Böyle önemli bir mesleğin sosyal şartları aynı seviyede iyi değil maalesef. Özellikle özel sektörde çalışan öğretmenlerimizin aldığı maaşlar asgari ücret seviyelerinde.
Kamuda çalışanların şartları biraz daha iyi olsa da bir öğretmen maaşının bir haneyi geçindirmesi, günümüz şartlarında çok zor.
Ücretli öğretmenlere verilen maaş ve kıymet ise gerçekten içler acısı!
Zaman zaman çocuklarımızla ilgili bütün sorumluluğu üstlerine yıkmaya çalıştığımız öğretmenlerin bu şartlar altında olmaları, kabul edilebilir değil.
Yaşadıkları bütün zorluklara rağmen, gelecek nesiller onların eseri olacak ve onların büyük çoğunluğu bu vicdani sorumluluğun farkında olarak, ellerinden geleni yapıyorlar.
Hepsinin kıymetli ellerinden öpüyorum!
Hazır konu öğretmenlerden açılmışken bir noktaya daha değinmek istiyorum. Her yıl öğretmenler gününde çok anlamlı etkinlikler yapılıyor. Herkes üzerinde emeği olan öğretmenlerine saygı ve sevgilerini ifade ediyor.
Bunların yanı sıra bazı paylaşımlarda Peygamber Efendimiz (s.a.v.) ile Atatürk’ü kıyaslamaya yönelik dokundurmalar görüyorum. Ve bu durum beni çok rahatsız ediyor.

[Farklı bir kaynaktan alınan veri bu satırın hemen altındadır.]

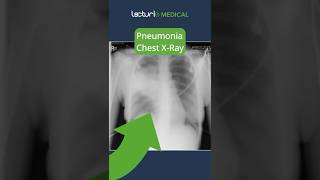 Understanding Lobar Pneumonia 🫁 MedicalEducation usmle [upl. by Sabra335]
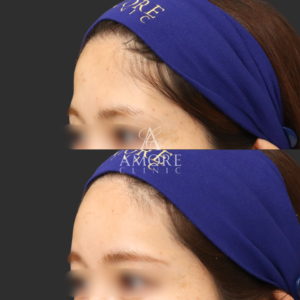 額ヒアルロン酸（ニューラミス3cc）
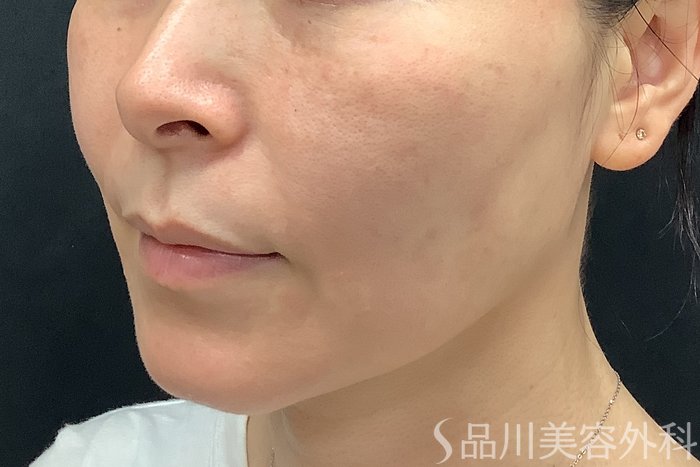 症例NO.71252のBEFORE写真
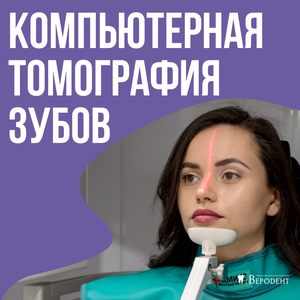 Компьютерная томография зубов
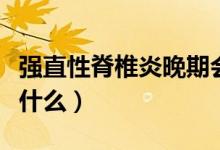 強直性脊椎炎晚期會癱瘓嗎（強直性脊椎炎是什么）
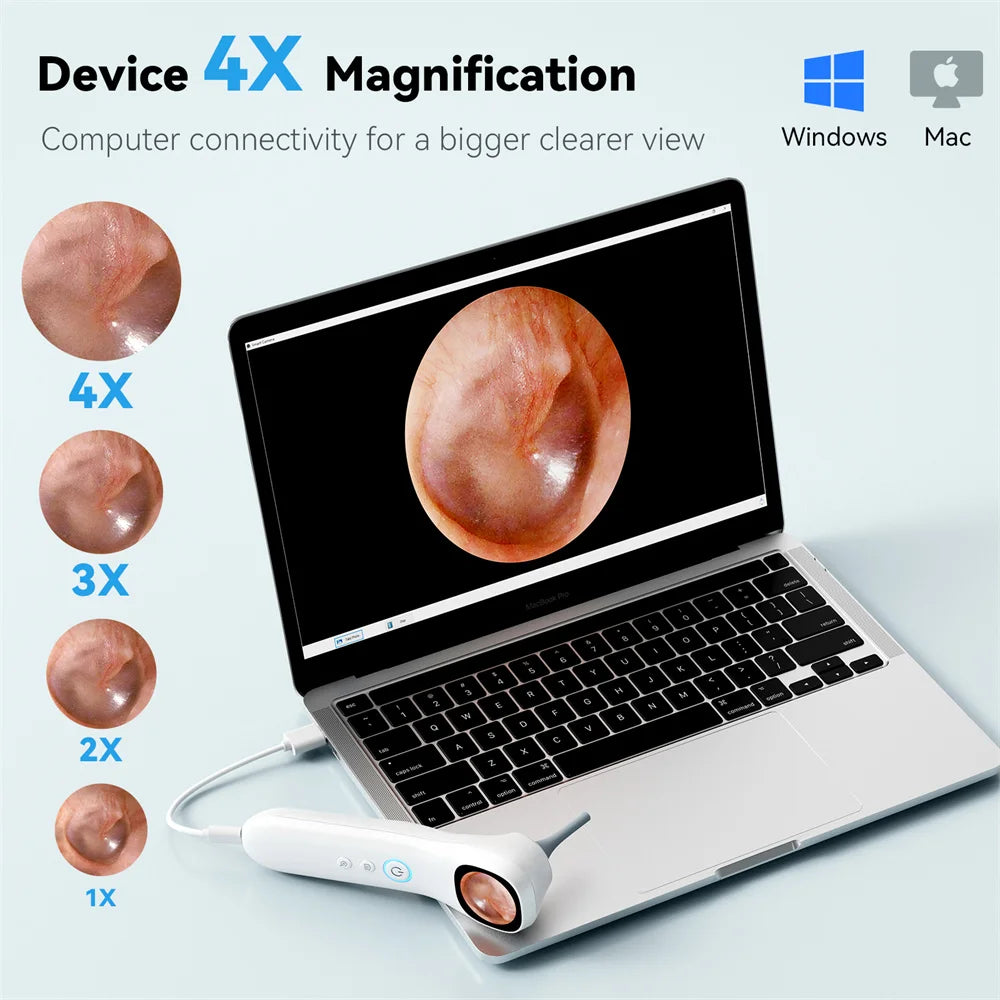 5-in-1 Smart Detector with Screen 1080P HD Ear Camera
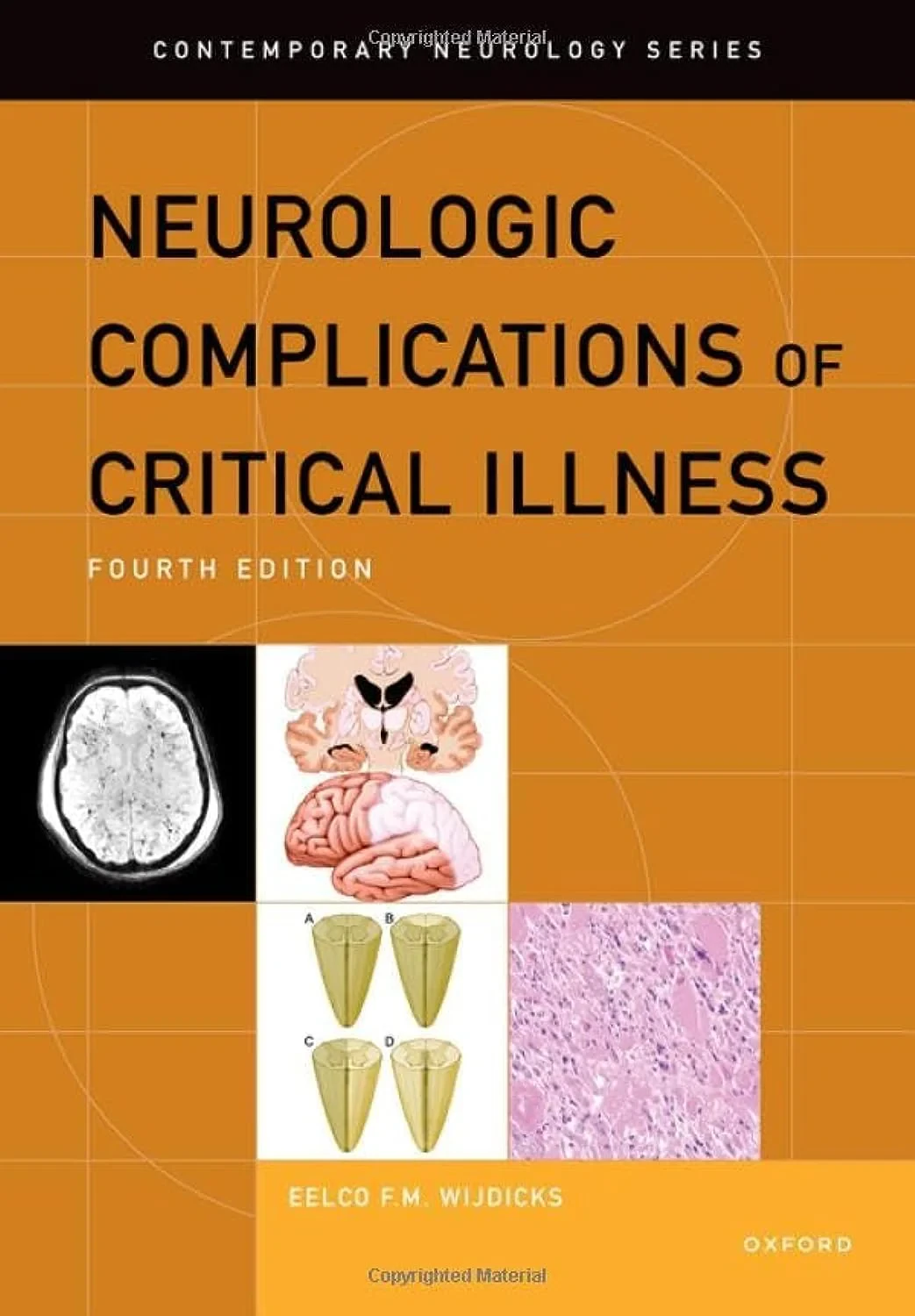 Coperta cărții "Neurologic Complications of Critical Illness" de Eelco F.M. Wijdicks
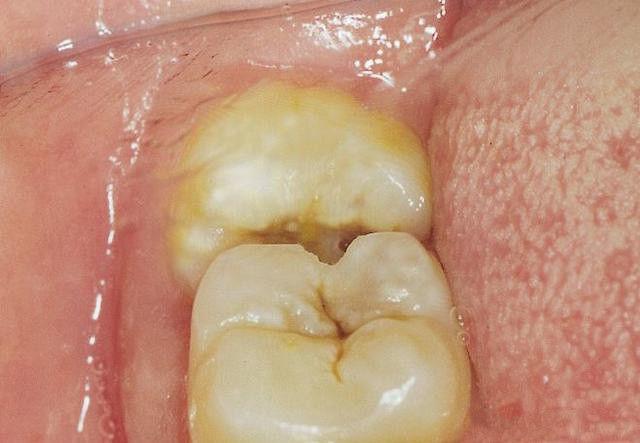 拔智齿后遗症太多了（智齿拔了以后有影响吗）(图3)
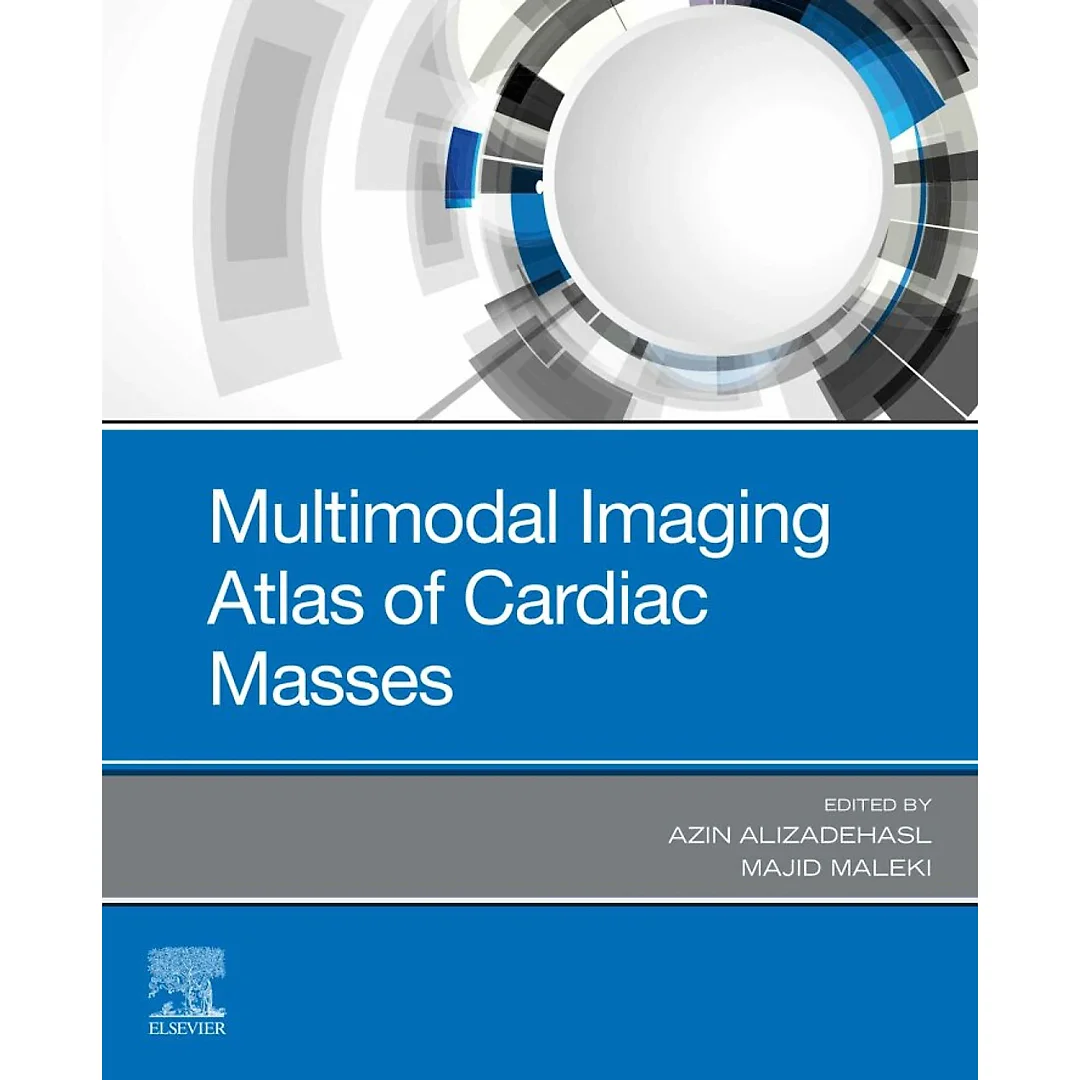 Multimodal Imaging Atlas of Cardiac Masses - E-Book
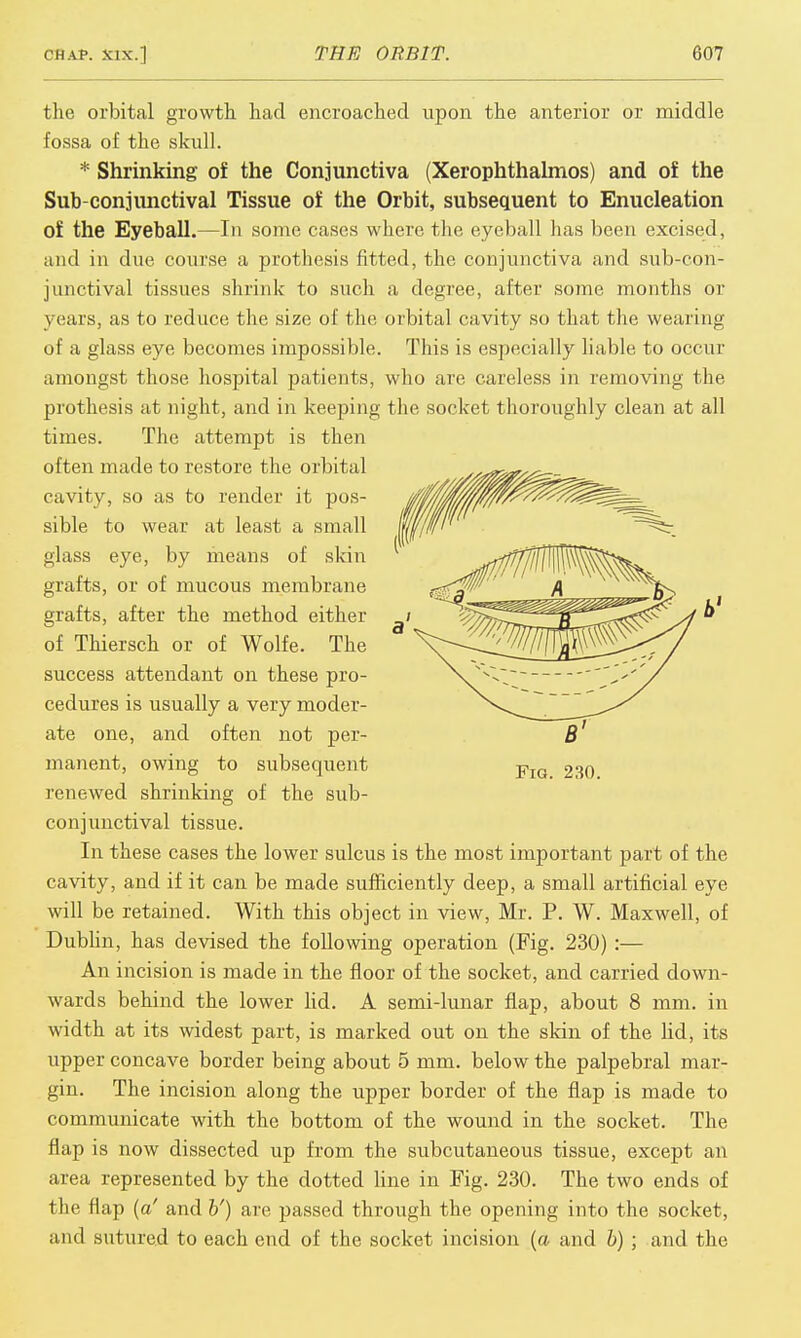 the orbital growth, had encroached upon the anterior or middle fossa of the skull. * Shrinking of the Conjunctiva (Xerophthalmos) and of the Sub conjunctival Tissue of the Orbit, subsequent to Enucleation of the Eyeball.—In some cases where the eyeball has been excised, and in due course a prothesis fitted, the conjunctiva and sub-con- junctival tissues shrink to such a degree, after some months or years, as to reduce the size of the orbital cavity so that the wearing of a glass eye becomes impossible. This is especially liable to occur amongst those hospital patients, who are careless in removing the prothesis at night, and in keeping the socket thoroughly clean at all times. The attempt is then often made to restore the orbital cavity, so as to render it pos- sible to wear at least a small glass eye, by means of skin grafts, or of mucous membrane grafts, after the method either of Thiersch or of Wolfe. The success attendant on these pro- cedures is usually a very moder- ate one, and often not per- manent, owing to subsequent renewed shrinking of the sub- conjunctival tissue. In these cases the lower sulcus is the most important part of the cavity, and if it can be made sufficiently deep, a small artificial eye will be retained. With this object in view, Mr. P. W. Maxwell, of Dublin, has devised the following operation (Fig. 230) :— An incision is made in the floor of the socket, and carried down- wards behind the lower lid. A semi-lunar flap, about 8 mm. in width at its widest part, is marked out on the skin of the lid, its upper concave border being about 5 mm. below the palpebral mar- gin. The incision along the upper border of the flap is made to communicate with the bottom of the wound in the socket. The flap is now dissected up from the subcutaneous tissue, except an area represented by the dotted line in Fig. 230. The two ends of the flap (a' and b') are passed through the opening into the socket, and sutured to each end of the socket incision (a and b) ; and the Fig. 230.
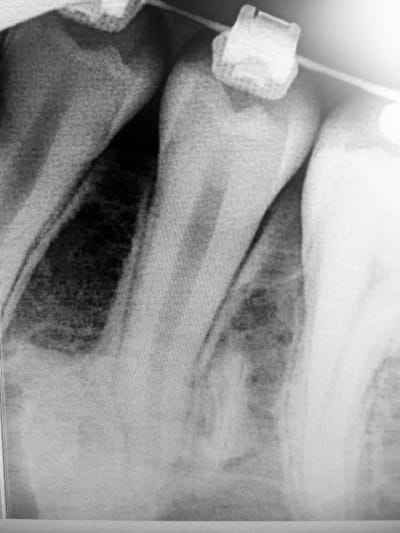 Osteocondensation2 dl0daa - Eugenol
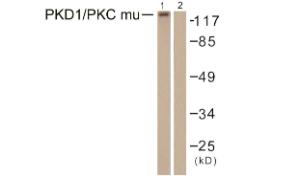 Anti-PKC mu Rabbit Polyclonal Antibody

Zamanın içerisinde ve ötesinde insanlığı düşmüş olduğu hüsrandan kurtarıp, mevcut zihinlerimizle kavramakta zorlandığımız sonsuz bir saadete kavuşturmak üzere; Allah tarafından görevlendirilmiş bir din kurucusu ile milletin bağımsızlığı, vatan topraklarının bölünmez bütünlüğü için mücadele eden bir devlet kurucusunun mukayese edilmesi, akla ziyan bir durumdur!
Bu yanlışın dinen karşılığı şirktir!
Zira bu kıyası yapmaya teşebbüs dahi, içinde bulunduğumuz hüsranı kabul etmemek, kavuşmayı arzuladığımız saadetten şüphe etmek demektir!
Tam tersini yaparak dünyayı kendinden, kendi milletinden ve kendi memleketinden ibaret sanarak; olmasaydın olmazdık gibi ifadeler kullanmak, kastedilen kişiyle birlikte, yaratılmış bütün zerreyi mahlukatı incitmekle eş değerdir!
Bunları çok doğru kusursuz bir insan olduğumdan değil, neyi ne zaman nasıl yazacağını bilmeyip, maksadı aşan birtakım arkadaşlarımızı görüp, üzüldüğümden yazıyorum.
Bütün öğretmenlerimizin ellerinden öpüyorum!